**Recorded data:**
= = = = = = =

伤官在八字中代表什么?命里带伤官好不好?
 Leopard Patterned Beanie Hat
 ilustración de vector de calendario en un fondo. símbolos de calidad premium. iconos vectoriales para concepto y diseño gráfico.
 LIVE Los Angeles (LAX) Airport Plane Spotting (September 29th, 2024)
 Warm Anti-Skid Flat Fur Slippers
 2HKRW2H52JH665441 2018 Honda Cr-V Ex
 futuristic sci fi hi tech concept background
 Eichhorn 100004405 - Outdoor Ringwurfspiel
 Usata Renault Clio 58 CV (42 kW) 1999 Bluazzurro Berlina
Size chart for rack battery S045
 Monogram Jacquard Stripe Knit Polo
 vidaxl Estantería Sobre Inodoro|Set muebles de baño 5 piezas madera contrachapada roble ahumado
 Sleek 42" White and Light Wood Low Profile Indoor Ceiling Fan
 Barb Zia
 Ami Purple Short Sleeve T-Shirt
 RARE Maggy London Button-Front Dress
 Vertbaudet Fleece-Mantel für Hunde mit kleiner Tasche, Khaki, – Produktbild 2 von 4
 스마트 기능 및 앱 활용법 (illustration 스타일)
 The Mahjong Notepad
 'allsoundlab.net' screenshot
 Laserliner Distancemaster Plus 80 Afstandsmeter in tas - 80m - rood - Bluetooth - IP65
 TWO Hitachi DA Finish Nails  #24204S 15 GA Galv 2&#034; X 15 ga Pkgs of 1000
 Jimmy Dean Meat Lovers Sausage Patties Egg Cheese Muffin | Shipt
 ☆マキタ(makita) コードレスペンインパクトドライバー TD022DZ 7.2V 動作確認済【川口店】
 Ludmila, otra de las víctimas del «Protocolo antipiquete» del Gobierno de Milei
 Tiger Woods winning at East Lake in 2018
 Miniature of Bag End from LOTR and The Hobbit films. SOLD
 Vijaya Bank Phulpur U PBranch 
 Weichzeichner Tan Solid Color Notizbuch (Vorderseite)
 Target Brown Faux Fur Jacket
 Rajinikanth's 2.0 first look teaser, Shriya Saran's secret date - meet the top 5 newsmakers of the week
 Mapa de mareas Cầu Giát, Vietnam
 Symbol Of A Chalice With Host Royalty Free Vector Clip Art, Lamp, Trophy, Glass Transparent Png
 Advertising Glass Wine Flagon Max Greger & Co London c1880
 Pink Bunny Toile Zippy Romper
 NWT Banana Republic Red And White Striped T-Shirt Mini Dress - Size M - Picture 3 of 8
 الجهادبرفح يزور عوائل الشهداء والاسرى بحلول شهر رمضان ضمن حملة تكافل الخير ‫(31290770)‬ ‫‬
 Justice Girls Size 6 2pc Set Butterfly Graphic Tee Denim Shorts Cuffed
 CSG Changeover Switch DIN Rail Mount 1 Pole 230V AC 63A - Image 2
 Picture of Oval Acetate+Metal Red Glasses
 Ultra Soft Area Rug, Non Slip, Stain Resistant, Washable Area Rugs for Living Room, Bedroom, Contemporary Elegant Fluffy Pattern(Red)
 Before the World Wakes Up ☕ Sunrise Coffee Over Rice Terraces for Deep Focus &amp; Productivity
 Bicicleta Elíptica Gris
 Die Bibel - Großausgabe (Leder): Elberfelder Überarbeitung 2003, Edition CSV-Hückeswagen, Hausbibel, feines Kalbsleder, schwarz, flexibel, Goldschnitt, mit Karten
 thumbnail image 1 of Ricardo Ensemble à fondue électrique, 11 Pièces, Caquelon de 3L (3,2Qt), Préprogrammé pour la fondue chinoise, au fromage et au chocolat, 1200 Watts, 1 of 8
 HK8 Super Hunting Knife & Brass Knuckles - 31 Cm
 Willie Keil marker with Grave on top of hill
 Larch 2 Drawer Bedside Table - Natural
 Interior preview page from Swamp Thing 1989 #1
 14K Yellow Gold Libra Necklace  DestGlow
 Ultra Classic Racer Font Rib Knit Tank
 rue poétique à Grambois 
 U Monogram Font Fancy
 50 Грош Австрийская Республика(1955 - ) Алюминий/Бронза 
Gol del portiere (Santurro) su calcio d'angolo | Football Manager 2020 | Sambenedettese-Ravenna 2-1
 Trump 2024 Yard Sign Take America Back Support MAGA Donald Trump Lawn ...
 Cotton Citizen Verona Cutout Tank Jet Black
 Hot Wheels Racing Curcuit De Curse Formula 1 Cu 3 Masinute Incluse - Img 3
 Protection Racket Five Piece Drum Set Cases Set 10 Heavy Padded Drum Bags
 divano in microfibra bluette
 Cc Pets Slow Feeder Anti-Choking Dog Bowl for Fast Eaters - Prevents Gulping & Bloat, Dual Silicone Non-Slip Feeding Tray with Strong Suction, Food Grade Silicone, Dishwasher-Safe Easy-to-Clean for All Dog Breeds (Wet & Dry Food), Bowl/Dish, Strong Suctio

= = = = = = =

**TASK REQUIREMENTS:** Give back the data above word for word.

**EXPECTED ANSWER:**
伤官在八字中代表什么?命里带伤官好不好?
 Leopard Patterned Beanie Hat
 ilustración de vector de calendario en un fondo. símbolos de calidad premium. iconos vectoriales para concepto y diseño gráfico.
 LIVE Los Angeles (LAX) Airport Plane Spotting (September 29th, 2024)
 Warm Anti-Skid Flat Fur Slippers
 2HKRW2H52JH665441 2018 Honda Cr-V Ex
 futuristic sci fi hi tech concept background
 Eichhorn 100004405 - Outdoor Ringwurfspiel
 Usata Renault Clio 58 CV (42 kW) 1999 Bluazzurro Berlina
Size chart for rack battery S045
 Monogram Jacquard Stripe Knit Polo
 vidaxl Estantería Sobre Inodoro|Set muebles de baño 5 piezas madera contrachapada roble ahumado
 Sleek 42" White and Light Wood Low Profile Indoor Ceiling Fan
 Barb Zia
 Ami Purple Short Sleeve T-Shirt
 RARE Maggy London Button-Front Dress
 Vertbaudet Fleece-Mantel für Hunde mit kleiner Tasche, Khaki, – Produktbild 2 von 4
 스마트 기능 및 앱 활용법 (illustration 스타일)
 The Mahjong Notepad
 'allsoundlab.net' screenshot
 Laserliner Distancemaster Plus 80 Afstandsmeter in tas - 80m - rood - Bluetooth - IP65
 TWO Hitachi DA Finish Nails  #24204S 15 GA Galv 2&#034; X 15 ga Pkgs of 1000
 Jimmy Dean Meat Lovers Sausage Patties Egg Cheese Muffin | Shipt
 ☆マキタ(makita) コードレスペンインパクトドライバー TD022DZ 7.2V 動作確認済【川口店】
 Ludmila, otra de las víctimas del «Protocolo antipiquete» del Gobierno de Milei
 Tiger Woods winning at East Lake in 2018
 Miniature of Bag End from LOTR and The Hobbit films. SOLD
 Vijaya Bank Phulpur U PBranch 
 Weichzeichner Tan Solid Color Notizbuch (Vorderseite)
 Target Brown Faux Fur Jacket
 Rajinikanth's 2.0 first look teaser, Shriya Saran's secret date - meet the top 5 newsmakers of the week
 Mapa de mareas Cầu Giát, Vietnam
 Symbol Of A Chalice With Host Royalty Free Vector Clip Art, Lamp, Trophy, Glass Transparent Png
 Advertising Glass Wine Flagon Max Greger & Co London c1880
 Pink Bunny Toile Zippy Romper
 NWT Banana Republic Red And White Striped T-Shirt Mini Dress - Size M - Picture 3 of 8
 الجهادبرفح يزور عوائل الشهداء والاسرى بحلول شهر رمضان ضمن حملة تكافل الخير ‫(31290770)‬ ‫‬
 Justice Girls Size 6 2pc Set Butterfly Graphic Tee Denim Shorts Cuffed
 CSG Changeover Switch DIN Rail Mount 1 Pole 230V AC 63A - Image 2
 Picture of Oval Acetate+Metal Red Glasses
 Ultra Soft Area Rug, Non Slip, Stain Resistant, Washable Area Rugs for Living Room, Bedroom, Contemporary Elegant Fluffy Pattern(Red)
 Before the World Wakes Up ☕ Sunrise Coffee Over Rice Terraces for Deep Focus &amp; Productivity
 Bicicleta Elíptica Gris
 Die Bibel - Großausgabe (Leder): Elberfelder Überarbeitung 2003, Edition CSV-Hückeswagen, Hausbibel, feines Kalbsleder, schwarz, flexibel, Goldschnitt, mit Karten
 thumbnail image 1 of Ricardo Ensemble à fondue électrique, 11 Pièces, Caquelon de 3L (3,2Qt), Préprogrammé pour la fondue chinoise, au fromage et au chocolat, 1200 Watts, 1 of 8
 HK8 Super Hunting Knife & Brass Knuckles - 31 Cm
 Willie Keil marker with Grave on top of hill
 Larch 2 Drawer Bedside Table - Natural
 Interior preview page from Swamp Thing 1989 #1
 14K Yellow Gold Libra Necklace  DestGlow
 Ultra Classic Racer Font Rib Knit Tank
 rue poétique à Grambois 
 U Monogram Font Fancy
 50 Грош Австрийская Республика(1955 - ) Алюминий/Бронза 
Gol del portiere (Santurro) su calcio d'angolo | Football Manager 2020 | Sambenedettese-Ravenna 2-1
 Trump 2024 Yard Sign Take America Back Support MAGA Donald Trump Lawn ...
 Cotton Citizen Verona Cutout Tank Jet Black
 Hot Wheels Racing Curcuit De Curse Formula 1 Cu 3 Masinute Incluse - Img 3
 Protection Racket Five Piece Drum Set Cases Set 10 Heavy Padded Drum Bags
 divano in microfibra bluette
 Cc Pets Slow Feeder Anti-Choking Dog Bowl for Fast Eaters - Prevents Gulping & Bloat, Dual Silicone Non-Slip Feeding Tray with Strong Suction, Food Grade Silicone, Dishwasher-Safe Easy-to-Clean for All Dog Breeds (Wet & Dry Food), Bowl/Dish, Strong Suctio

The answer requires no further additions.